Decolonizzazione del digitale: femminismo e tecnologia intersezionale

Il 2020 ha dimostrato che la tecnologia ha un disperato bisogno di trasformazione. Tutto questo ha assunto toni particolarmente chiari in relazione all’esperienza di questa stessa tecnologia da parte di persone relegate ai margini della società; eppure, questa trasformazione non avviene da sola.

Se il movimentato 2020 ci ha insegnato qualcosa, è che il mondo digitale non è un universo lontano o alternativo rispetto alla nostra realtà quotidiana. Il digitale è sempre meno creatore di un confine magico nel quale le differenze umane scompaiono e si allineano in virtù della comune necessità di connessione. Il 2020 ha dimostrato che la tecnologia ha un disperato bisogno di trasformazione. Tutto questo ha assunto toni particolarmente chiari in relazione all’esperienza di questa stessa tecnologia da parte di persone relegate ai margini della società; eppure, questa trasformazione non avviene da sola.

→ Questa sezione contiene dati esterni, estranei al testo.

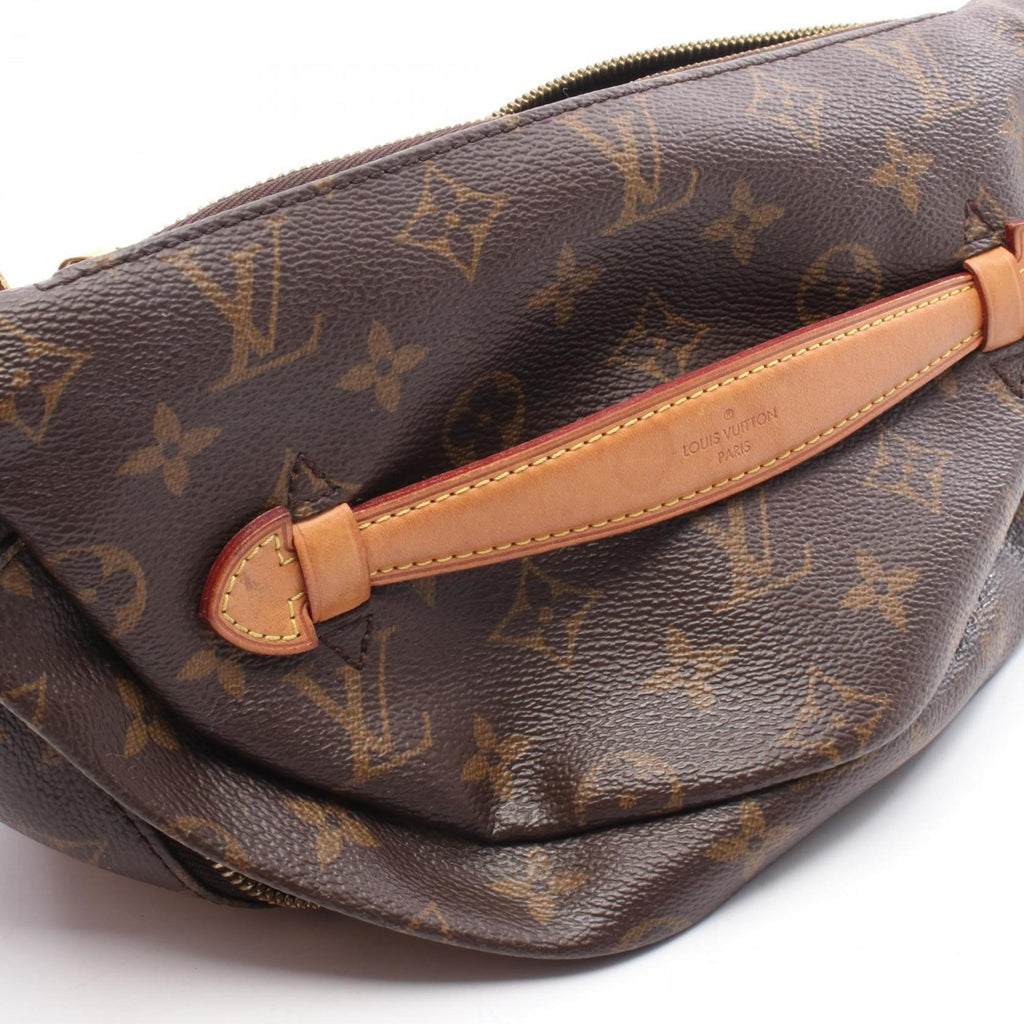 Louis Vuitton Brown Coated Canvas Pvc Monogram Leather Fanny Pack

Per tante persone, le disuguaglianze sono state esacerbate dalla tecnologia. La fantasia multietnica, multirazziale e paritaria in termini di genere della vecchia serie televisiva “Star Trek” ha lasciato il posto a un’era in cui la maggior parte della vita si svolge online, eppure i rischi e le conseguenze variano drammaticamente in base al colore della pelle, al genere e all’identità etnica/razziale o sessuale della singola persona. Lo stile di vita su misura e computerizzato dei classici cartoni animati alla “The Jetsons” non corrisponde al nostro universo digitale, idealmente popolato da allegri visitatori online. Al contrario, il paesaggio digitale del ventunesimo secolo è diventato un luogo dove le persone e le comunità emarginate lottano per l’accesso, combattono per la propria visibilità e tentano di evitare danni e/o strumentalizzazioni mediante l’impegno digitale.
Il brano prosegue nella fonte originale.